Yeah, another brilliant album, Panda Bear - Person Pitch, has a lot of samples, loops, editing and overdubs.
I think that fundamentally though, the viability of this option is limited by the creativity of the musician / engineer.
Just to touch on this, I know it’s wholly dependent on any one person’s creative process, but I have worse luck when I’m trying to be creative on a mental (or recorded) grid.
I feel like you have to think of audio more like overlapping waves in the ocean: they are rhythmic and they blend seamlessly, but they are not following a rigid schedule. There is a force which keeps them in time, but they are not in perfect linear time, it’s everything working together which keeps them sounding and looking seamless.

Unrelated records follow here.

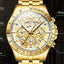 OLEVS Luxury Gold Men's Chronograph Watch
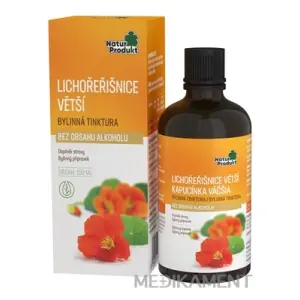 NaturProdukt KAPUCÍNKA väčšia bylinná tinktúra kvapky 100 ml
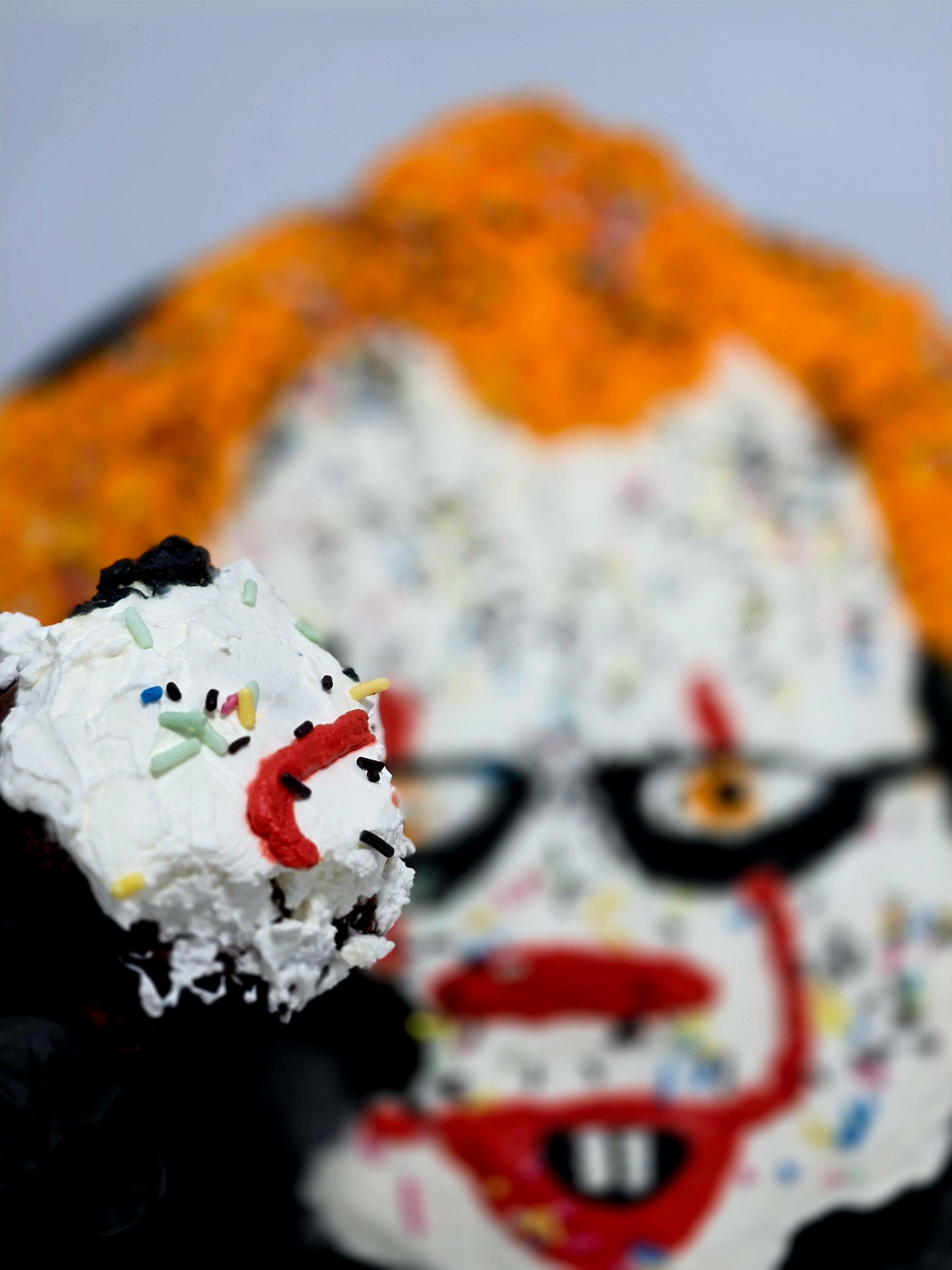 Halloween clown cake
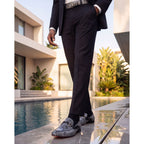Vinci The Milano Black/White Bit Loafer Men Dress Shoes
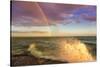 USA, New York, Lake Ontario, Clark's Point. Double rainbow over lake.-Fred Lord-Stretched Canvas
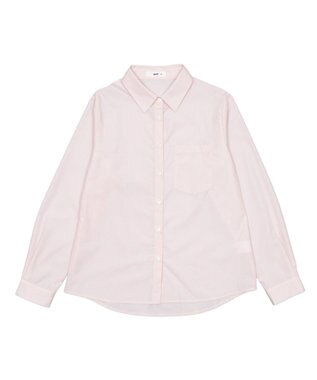 WEGO 【SCHOOLITEM】スクールシャツL／S ピンク
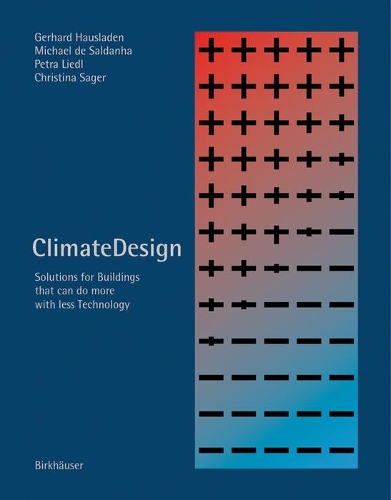 Паперова книга «ClimateDesign: Solutions for Buildings that Can Do More with Less Technology», авторів Кристина Сагер, Герхард Хаусладен, Майкл Салданья, Петра Лідль - фото №1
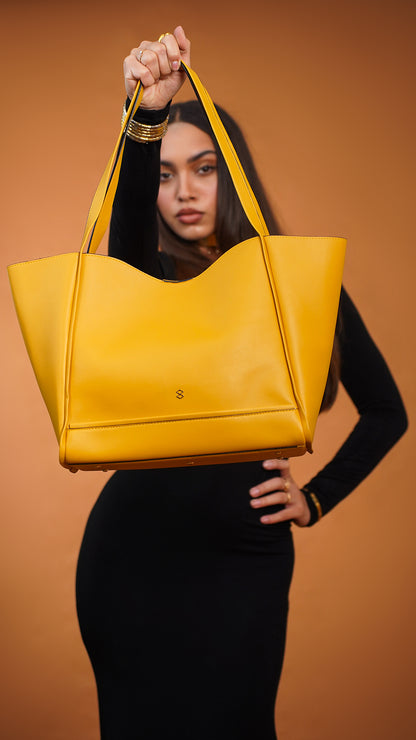 Horra Solid Oversized Tote Bag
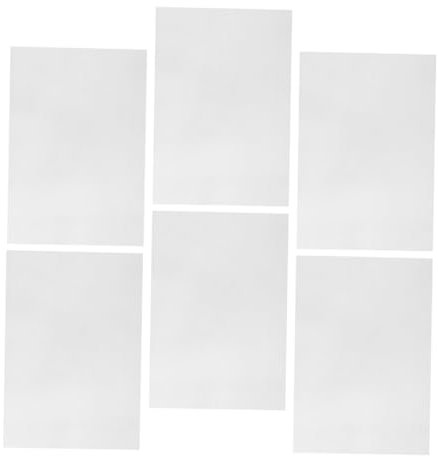 VILLFUL Nachtleuchtende Schrumpffolien 6 Stück Halbtransparente Bops Folien 14,5x20cm Bastelmaterial Für Selbstgemacht Schlüsselanhänger Kinder Bastelbedarf Kindergärten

This is part of that problem I mentioned before, of recording in multiple sessions with a bunch of different jams, because there are ways to smooth the edges and transitions, but as you do so, you move further and further off the grid. If you’re lucky you end up with an “on the grid” sounding performance.
If you always record in an environment where a grid is ever present, you might have to step out of that arena and try working with the sum of it’s parts, i.e. the stereo track.
Not saying this is “The way” or the only way, but I think that part of this creative editing as a form of symphonic arrangement (for lack of a better term), stacked or overlapping compositional methods, do not always live “on grid”.
It’s something to at least try, if someone has been doing it the other way round. It’s not to say that “clips” are a bad way to work, but I think you get the feel of adjacent loops when you work that way, when what we really want is something that feels cohesive as though it was scripted to be that way. That’s usually my goal at least.
Also, this is not to say you should make the beat intentionally drift or anything like that, more that not every section of useable audio has to be cut precisely on the structure of the grid.